30. Crouching Tiger, Hidden Dragon: Sword of Destiny
That this sequel to Ang Lee’s award-festooned wuxia masterwork is written in the English language instead of the original Chinese tells you all you need to know. It’s the most glaring of a handful of artistic compromises made by director Yuen Woo-ping, who proves unable to replicate the delicate grace that made the original a sleeper hit even in subtitle-unfriendly America. The painterly photography has been supplanted by the flatness of prestige TV, and the long, pensive gaps in which viewers were once free to appreciate the rustling of tree branches or distant chiming of bells are now filled with meaningless exposition. The brisk fight choreography elevates Yuen’s film to a level of basic competency, but there are approximately 500 better martial-arts films a person could be watching — and a few of them are on Netflix!
29. Imperial Dreams
A curious specimen, this film was made and released in two dramatically different worlds. When the picture first premiered at Sundance in 2014, John Boyega was another handsome young Brit with a lot of promise and a stare capable of cutting metal. By the time Netflix unveiled it in 2017, he was an A-lister with a leading role in the biggest blockbuster franchise on the planet. Boyega stars here in the sort of small-scaled indie he’s now too expensive to appear in, as a recently freed gangster returning to L.A.’s volatile Watts neighborhood and learning how tough it can be to stay out of the game. Best-case scenario, this could have turned out to be a visual equivalent of Kendrick Lamar’s good kid, m.A.A.d city, and Boyega’s definitely capable of playing that ambivalence toward the city that raised and subsequently tried to kill him. But hackneyed dialogue and predictable plotting get in the way of this film’s bid for true excellence.

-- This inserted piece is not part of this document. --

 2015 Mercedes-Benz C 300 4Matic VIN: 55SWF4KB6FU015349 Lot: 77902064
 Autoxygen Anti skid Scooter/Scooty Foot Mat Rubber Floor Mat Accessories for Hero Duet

28. The Siege of Jadotville
Ever see a movie featuring a well-known actor with goofy facial hair and get the impression they’re trying more to hide from the audience than to blend in with the other characters? Fifty Shades of Grey todger-waggler Jamie Dornan dons a robust ’stache in this down-and-dirty war picture and fools exactly no one; we all know it’s you, Jamie Dornan. At any rate, this one’s pretty sharp about the geopolitical dimension of conflict, and overwrought when it comes to the personal. The retelling of one Irish U.N. peacekeeping force’s efforts to intervene in a Central African powder keg keenly understands how contradictory national interests must be resolved to foster a ceasefire, but cannot grasp the details of basic human behavior. That results in a weird dissonance, where the film works as a discrete whole but fails on a scene-by-scene basis.
Former Orange Is the New Black writer Sian Heder tries her hand behind the camera for this study in contrasts about three women all chafing under the demands of motherhood in their own way. In the title role, Ellen Page is a street urchin feeling lost after her good-for-nothing boyfriend abandons her, but finds new meaning in life when fate puts a helpless infant in her custody. With her own mother out of the picture, “Lu” goes to her ex’s mother (Allison Janney) for help, though she’s got plenty of regrets left over from her time with her son. (As the wayward baby’s thoroughly unfit original guardian, Tammy Blanchard completes the triumvirate of bad moms.) Well-measured restraint improves the acting across the board, which in turn keeps this film away from the treacly sentiment that occasionally rears its weepy head. Janney takes it in a walk, naturally.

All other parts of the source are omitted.